It’s not exactly a drop in the bucket, but the placement of some 10 million baby oysters in the Severn River this past week was just one piece of a larger effort to help restore the Chesapeake Bay.

The oyster spat hauled from the Horn Point Oyster Hatchery outside Cambridge on Monday were the first batch of a total of 50 million to be placed in the oyster sanctuary outside Annapolis in the coming weeks.

The project is a cooperative effort between Oyster Recovery Partnership, the Severn River Association, the Maryland Department of Natural Resources and Horn Point — but also the public, who donated approximately $27,000 to help the local river group pay for half of the oysters laid on the river bottom Monday.

“Our river and creeks are hurting,” said Lynne Rockenbauch, Severn River Association president. “To make sure we can fish and swim in our river and creeks, we need to take action now.”

Bob Whitcomb, Oyster Committee chair for the association, said Monday’s event “proves private citizens support our restoration efforts and will donate to buy oysters to plant on our reefs.”

“We plant about a million oysters a year. But this is a big push we are proud of,” Whitcomb said.

The Severn was chosen for a few reasons. Salinity levels vital to oyster development are sufficient. The bottom, especially in the nine sites spread across 13 acres of river, was “planted” with crushed rock by the U.S. Army Corps of Engineers in 2010, providing an optimal base for the spat to flourish.

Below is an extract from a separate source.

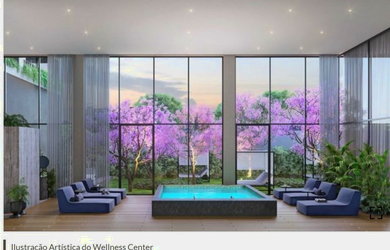 Imagem 15: APARTAMENTO RESIDENCIAL em São Paulo - SP, Campo Belo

Of the 50 million spat to be planted about 2.5 million are likely to survive to become 3- to 5-inch mature oysters.

Shocking, but that’s normal, said Chris Judy, director of the DNR Shellfish Division.

“People say that mortality rate is high, but it’s typical. If you are a very small vulnerable spat to make it to 3 or 5 years old is a challenge. A lot of things can kill you along the way.”

That is one reason the site will be monitored to determine the mortality rate and whether a second planting, which occurs on many oyster beds, is in order.

“We strive to do our best to monitor all of our plantings,” said Ward Slacum, the Oyster Recovery Partnership’s director of the program. “We will check right after we put them in to understand short-term survival and also several years later to understand what it still there.

“It’s adaptive management,” he said, “and it also determines whether a second planting is necessary”

Then it is up to timing and funding to see if a second planting is possible, he added.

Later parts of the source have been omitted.